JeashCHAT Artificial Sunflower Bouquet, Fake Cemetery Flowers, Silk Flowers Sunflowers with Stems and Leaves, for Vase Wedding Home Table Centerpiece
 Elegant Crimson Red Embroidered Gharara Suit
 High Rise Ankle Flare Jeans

══════════════════════════════

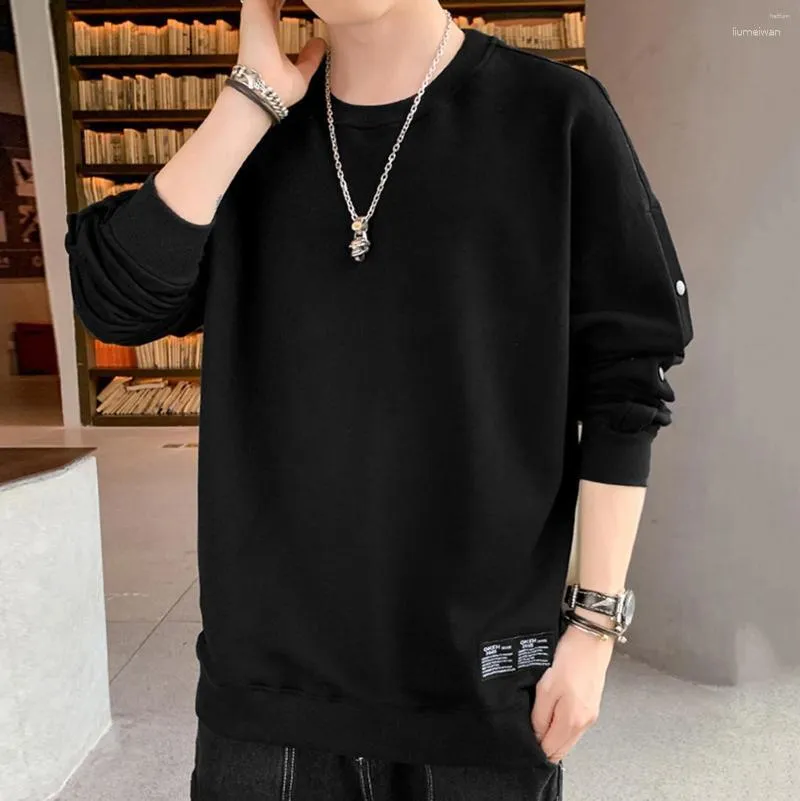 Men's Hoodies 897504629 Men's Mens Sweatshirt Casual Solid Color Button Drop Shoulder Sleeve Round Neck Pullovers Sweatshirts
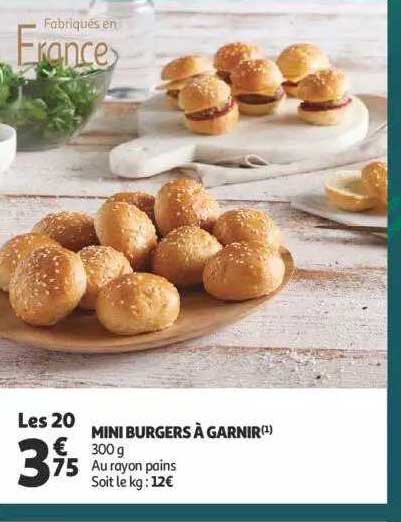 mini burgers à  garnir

══════════════════════════════

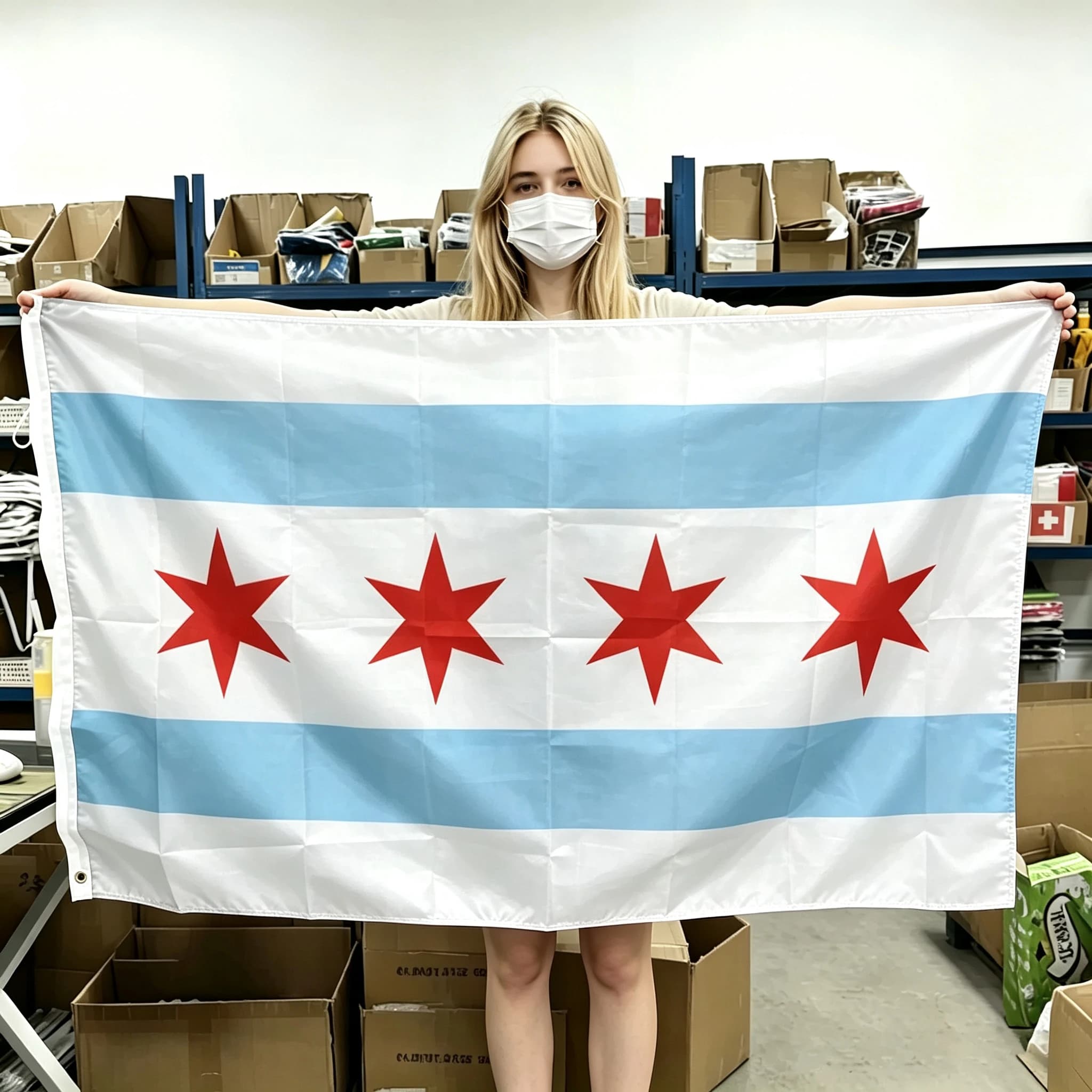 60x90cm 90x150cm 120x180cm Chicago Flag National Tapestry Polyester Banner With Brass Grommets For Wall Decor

══════════════════════════════

Problem description:
Only the lines from the one containing "JeashCHAT Artificial Sunflower" through the one containing "High Rise Ankle Flare Jeans" are to be retyped, both boundary lines included, with no other material.

Reply to the task:
JeashCHAT Artificial Sunflower Bouquet, Fake Cemetery Flowers, Silk Flowers Sunflowers with Stems and Leaves, for Vase Wedding Home Table Centerpiece
 Elegant Crimson Red Embroidered Gharara Suit
 High Rise Ankle Flare Jeans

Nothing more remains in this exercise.